Столовая напоминает тот самый Оживленный Перекресток, с которого удобно вести наблюдение. Здесь все дороги сходятся и разбегаются. Шеф-кок наблюдает из своего камбуза за всем, что происходит в конюшне, по на Постороннего Наблюдателя не тянет, потому что все принимает близко к сердцу. Если только не притворяется.»
ДЕНЬ РАБОЧЕЙ СОЛИДАРНОСТИ.
Месяц Дураков завершился праздником. Опять праздник откуда-то взялся Рабочий День. То есть, День Рабочих. То есть, День Рабочей Солидарности. О нем мне напомнил Войнович: был такой древний праздник у древнего пролетариата, маялись на маевках с водкой и с красными флагами.
Поэтому решили днем работать. После месяца Дураков — День Рабочих, и это естественно — работа дураков любит.
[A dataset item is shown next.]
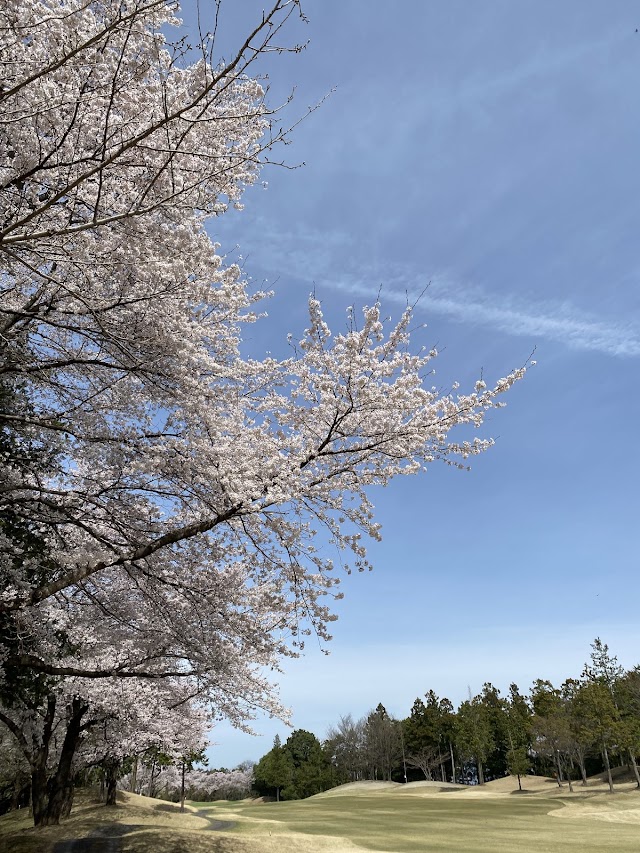 小幡郷ゴルフ倶楽部 - Photo 3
Не люблю дураков и рабочих, потому что сам из них. «Жми, крути, кантуй, ворочай, в «…» рабочий». Не люблю работать, люблю ничего не делать, и в этом смысле я предатель интересов рабочего класса и всех трудящихся.
Весь день маялся из-за своего классового предательства.
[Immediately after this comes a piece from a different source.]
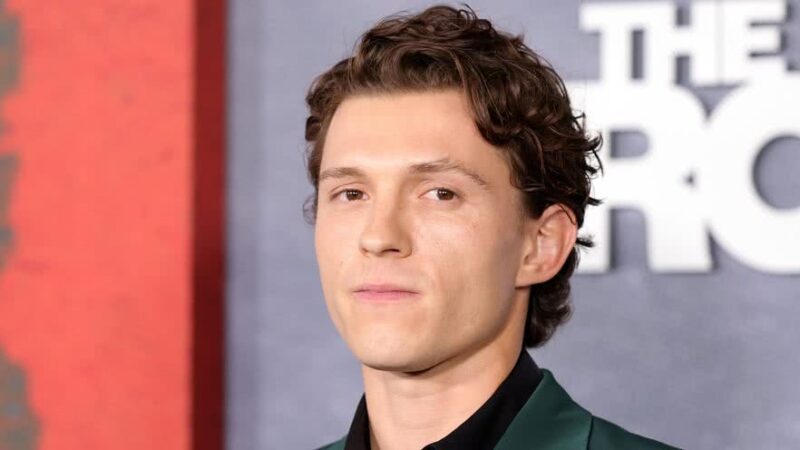 Tom Holland compartilha diagnóstico de TDAH e dislexia em entrevista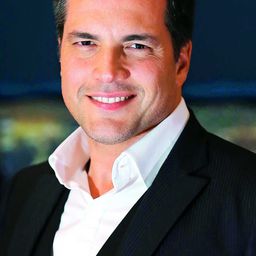 Daniel Boaventura 飾演 Alberto D'Avila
ЛЕГКОСТУПОВА-ЛЕГКОДОСТУПОВА.
ПОДОЗРЕВАТЬ ВСЕХ.
У нас гостья. В Шишкин Лес пожаловала на сборы прыгунья в длину Анфиса Легкоступова. Где-то я ее видел?… Конечно, я ее видел на Олимпийских играх по телевизору, но где-то я ее видел еще?… Не могу вспомнить. Рассказывают, что она — прыгунья от Бoга, даже родилась в прыжке: хорошенько разбежалась и выпрыгнула.
Анфиса выступает за нашу легкоатлетическую команду СОС, значит, она у нас в штате, значит, у нее, как минимум, лейтенантское звание. В спорте она появилась недавно, но как-то сразу — уже успела взять серебро на Олимпийских играх (Лобан говорит, что второе место ничем не отличается от последнего) и стать дамой известной в спортивном мире. Все называют ее Анфиской, а за глаза, конечно, Легкодоступовой, хотя ее внешность этому прозвищу не соответствует, на б… она не похожа — манеры легкие, но взгляд, взгляд!… Где я видел этот медузо-горгоний взгляд?… Это прозвище, наверно, даже не злые языки придумали, а пшюты чертовы,- попала «говорящая» фамилия на язык, вот и плетут. Вспомнил: таким взглядом смотрела на меня лет двадцать пять назад моя первая и пропавшая любовь, которую звали похоже — Афиной, но она была ох как трудподоступовой! «…»
«ИЗ ТРЕН. БЛОКНОТА.
Тренеру следует прислушиваться к фамилиям. Любая фамилия «говоряща», иногда — редко — говорит очень точно. Легкоступова — к девице с такой фамилией немедленно должен присмотреться тренер по прыжкам в длину. Часто в фамилии скрыт генетический код человеческого характера.